### The task
The lines to be extracted begin at the line containing "You can only" and end at the last line of the data below; copy them exactly and leave out the pictures.

### Available data

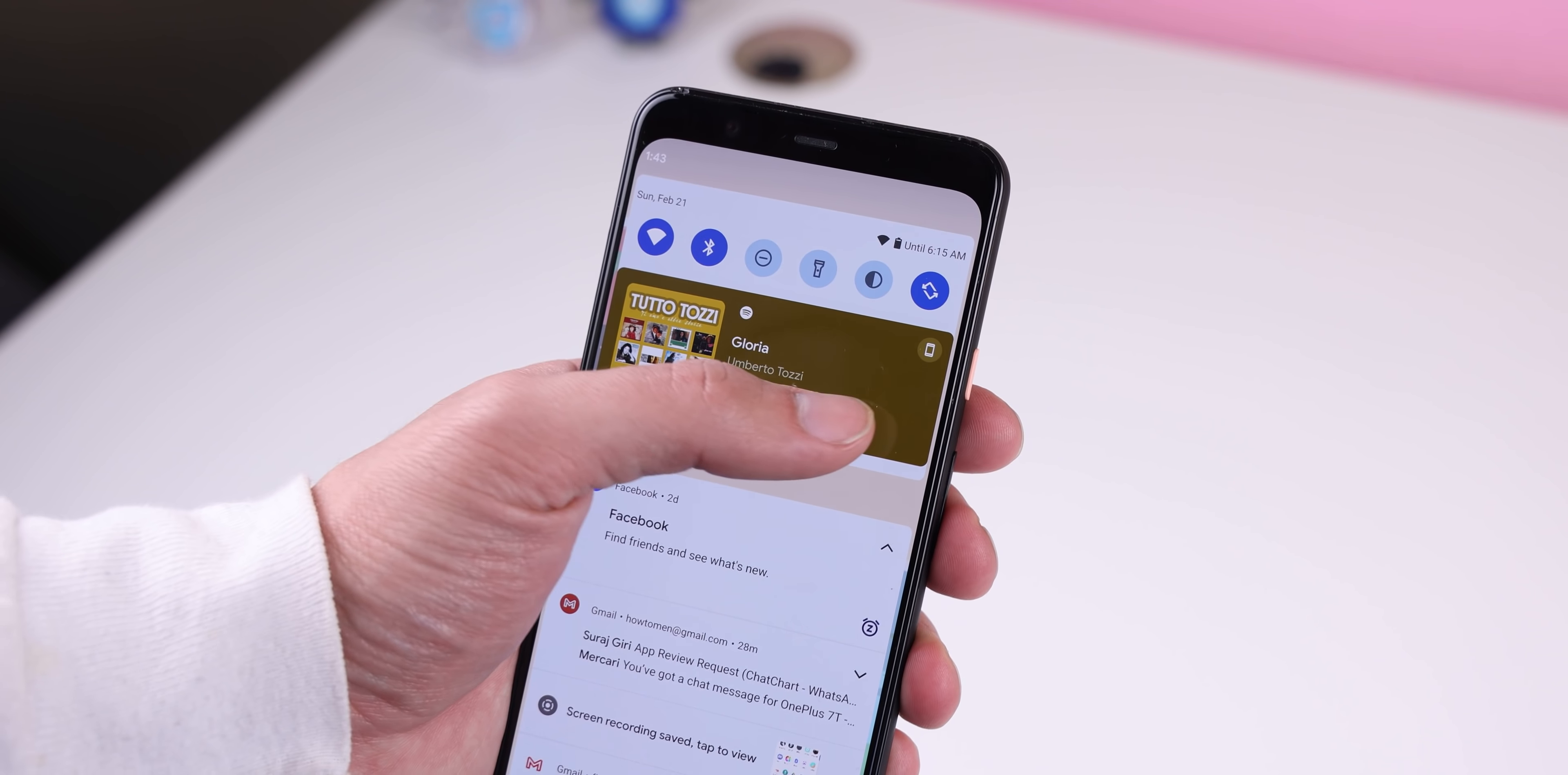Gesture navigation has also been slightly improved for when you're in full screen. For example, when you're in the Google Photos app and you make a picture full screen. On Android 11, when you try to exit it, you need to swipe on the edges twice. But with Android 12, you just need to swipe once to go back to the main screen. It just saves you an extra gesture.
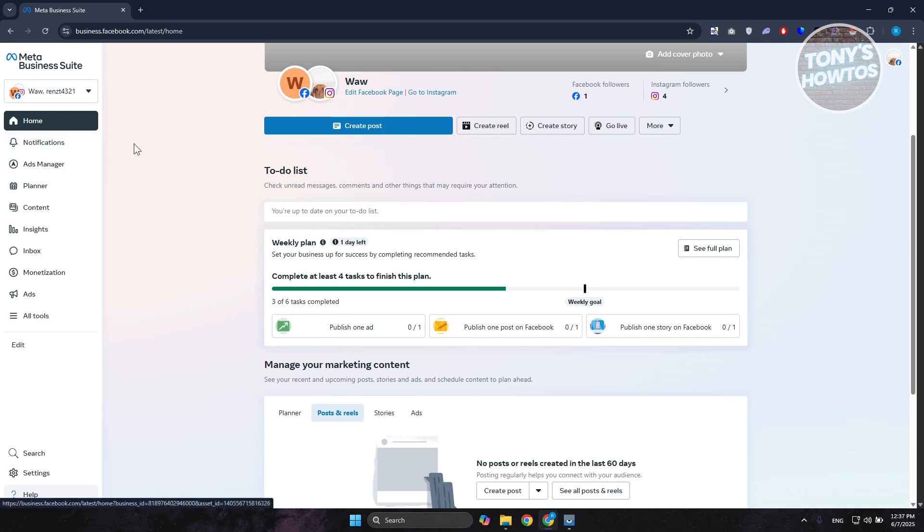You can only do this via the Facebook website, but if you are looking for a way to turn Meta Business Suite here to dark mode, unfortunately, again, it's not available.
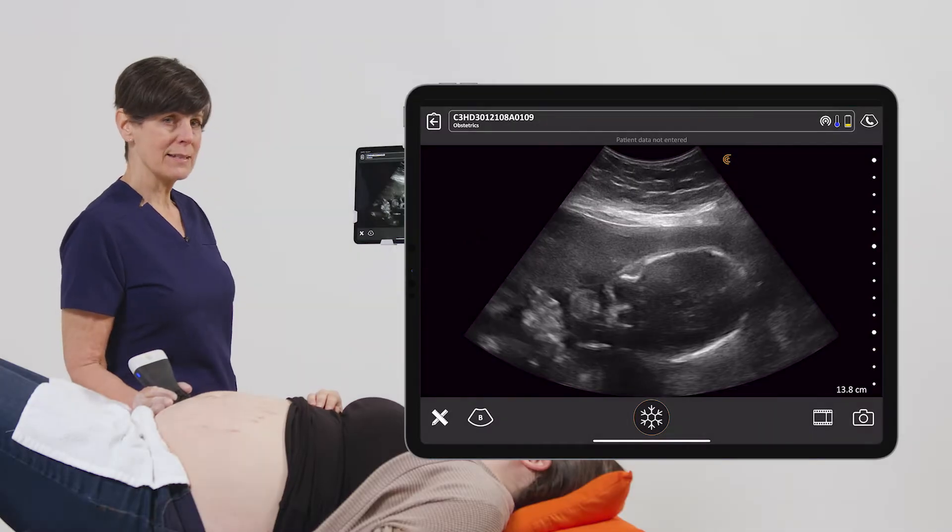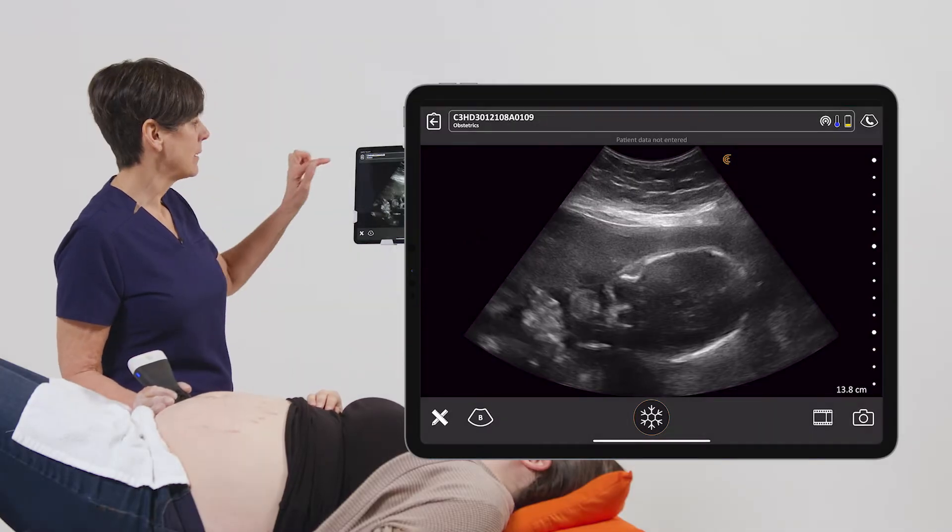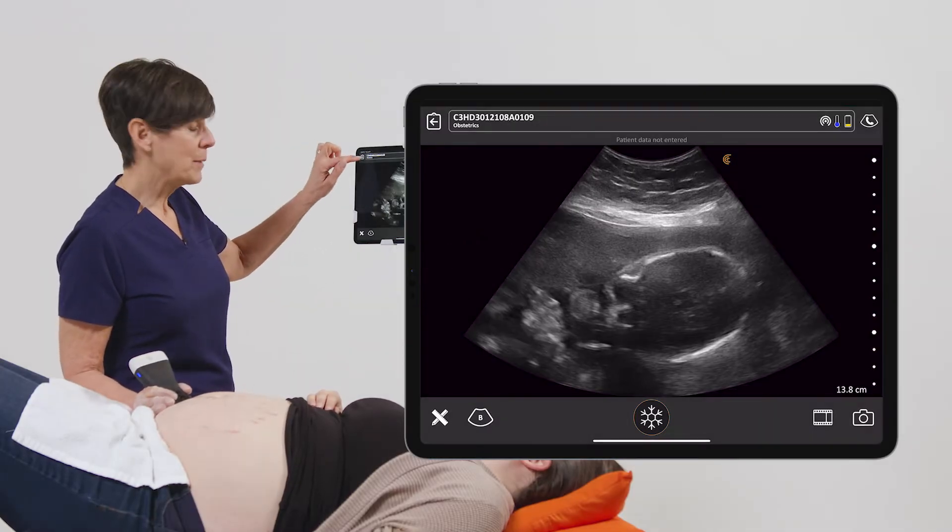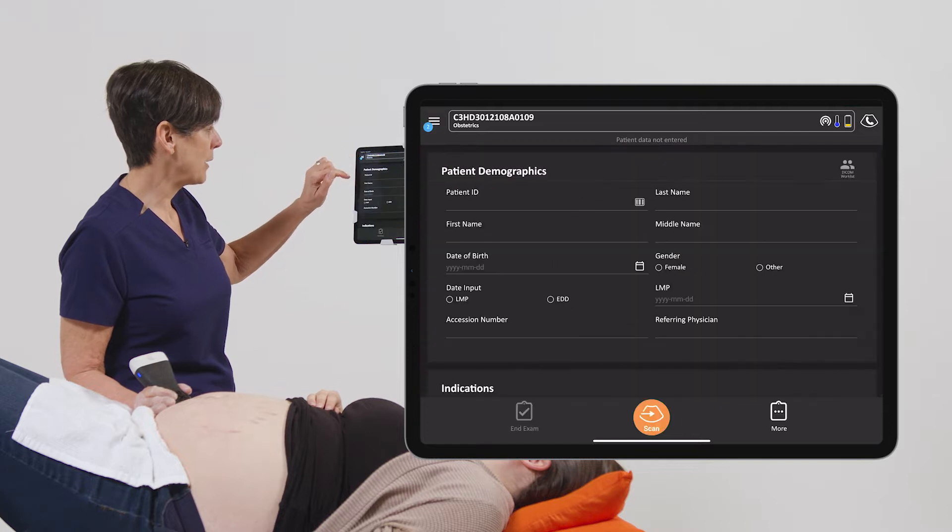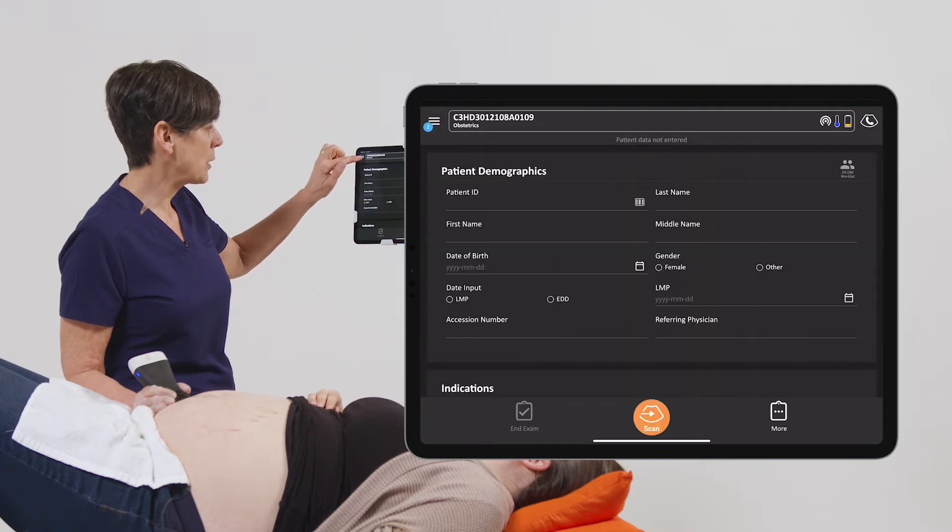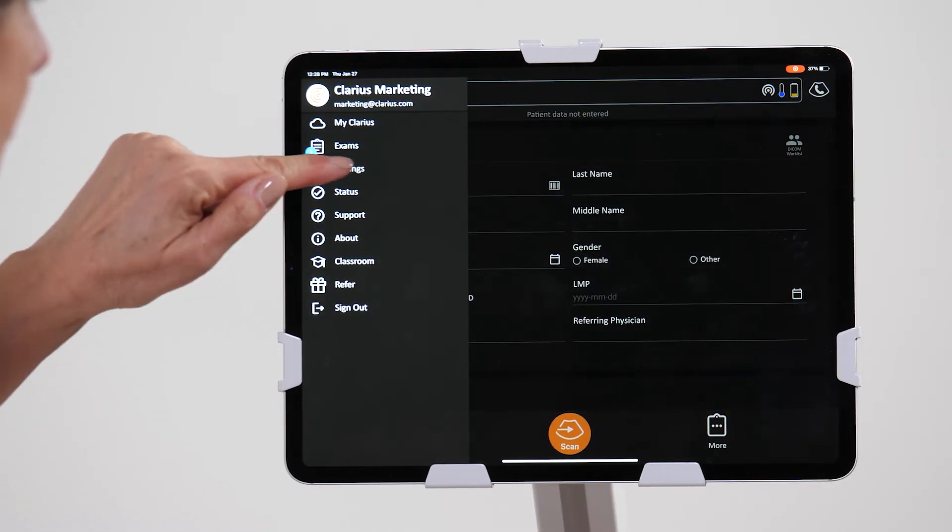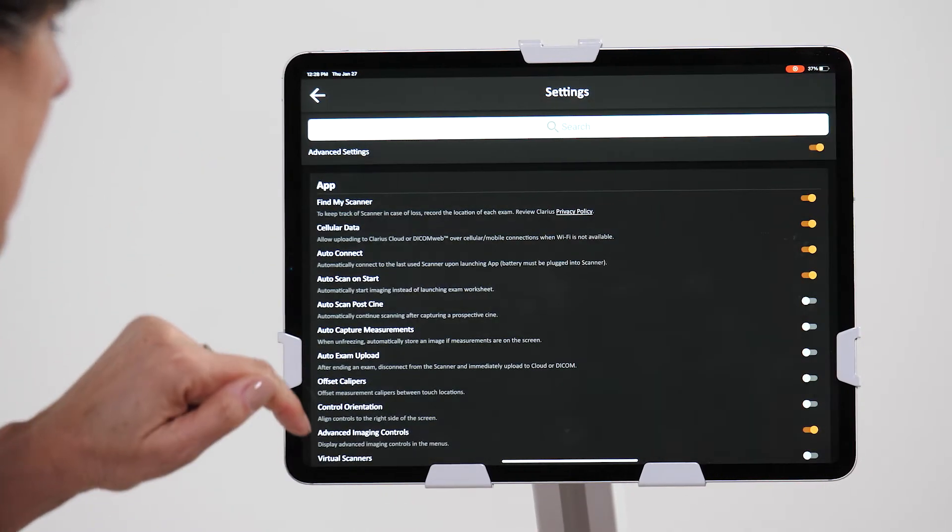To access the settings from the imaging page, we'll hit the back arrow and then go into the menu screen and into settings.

### Answer to the problem
You can only do this via the Facebook website, but if you are looking for a way to turn Meta Business Suite here to dark mode, unfortunately, again, it's not available.
To access the settings from the imaging page, we'll hit the back arrow and then go into the menu screen and into settings.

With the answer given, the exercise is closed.